* WHAT NEEDS TO BE DONE:
From the first line of the data below, repeat each line exactly until you reach the line with "収納付きソファベッド 布張りタイプ (BX01 DGY) 8枚目画像"; include that line too.

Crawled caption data
☆ ☆ ☆ ☆ ☆ ☆ ☆
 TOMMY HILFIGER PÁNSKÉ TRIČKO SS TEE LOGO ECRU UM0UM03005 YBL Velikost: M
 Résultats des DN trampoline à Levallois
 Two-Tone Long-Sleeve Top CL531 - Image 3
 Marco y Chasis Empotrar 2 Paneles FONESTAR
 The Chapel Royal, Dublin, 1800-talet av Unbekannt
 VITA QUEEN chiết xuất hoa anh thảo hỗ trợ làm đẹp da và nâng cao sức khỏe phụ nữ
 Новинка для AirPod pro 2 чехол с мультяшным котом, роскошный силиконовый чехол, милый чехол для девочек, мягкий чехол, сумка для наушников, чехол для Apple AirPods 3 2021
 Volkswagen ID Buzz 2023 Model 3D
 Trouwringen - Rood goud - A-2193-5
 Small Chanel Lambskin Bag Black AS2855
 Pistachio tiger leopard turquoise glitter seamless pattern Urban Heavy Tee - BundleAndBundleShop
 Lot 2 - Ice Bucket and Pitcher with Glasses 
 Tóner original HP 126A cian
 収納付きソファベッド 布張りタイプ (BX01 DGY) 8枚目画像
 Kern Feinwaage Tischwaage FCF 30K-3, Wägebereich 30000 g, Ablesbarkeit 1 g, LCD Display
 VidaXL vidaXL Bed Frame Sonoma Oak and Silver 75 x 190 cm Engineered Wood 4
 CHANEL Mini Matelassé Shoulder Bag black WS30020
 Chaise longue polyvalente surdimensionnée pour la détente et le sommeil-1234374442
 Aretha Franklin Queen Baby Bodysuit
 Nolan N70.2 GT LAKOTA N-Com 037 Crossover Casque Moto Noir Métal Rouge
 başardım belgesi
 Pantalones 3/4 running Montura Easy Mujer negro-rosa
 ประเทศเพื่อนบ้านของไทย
☆ ☆ ☆ ☆ ☆ ☆ ☆
* RESPONSE TO THIS EXERCISE:
 TOMMY HILFIGER PÁNSKÉ TRIČKO SS TEE LOGO ECRU UM0UM03005 YBL Velikost: M
 Résultats des DN trampoline à Levallois
 Two-Tone Long-Sleeve Top CL531 - Image 3
 Marco y Chasis Empotrar 2 Paneles FONESTAR
 The Chapel Royal, Dublin, 1800-talet av Unbekannt
 VITA QUEEN chiết xuất hoa anh thảo hỗ trợ làm đẹp da và nâng cao sức khỏe phụ nữ
 Новинка для AirPod pro 2 чехол с мультяшным котом, роскошный силиконовый чехол, милый чехол для девочек, мягкий чехол, сумка для наушников, чехол для Apple AirPods 3 2021
 Volkswagen ID Buzz 2023 Model 3D
 Trouwringen - Rood goud - A-2193-5
 Small Chanel Lambskin Bag Black AS2855
 Pistachio tiger leopard turquoise glitter seamless pattern Urban Heavy Tee - BundleAndBundleShop
 Lot 2 - Ice Bucket and Pitcher with Glasses 
 Tóner original HP 126A cian
 収納付きソファベッド 布張りタイプ (BX01 DGY) 8枚目画像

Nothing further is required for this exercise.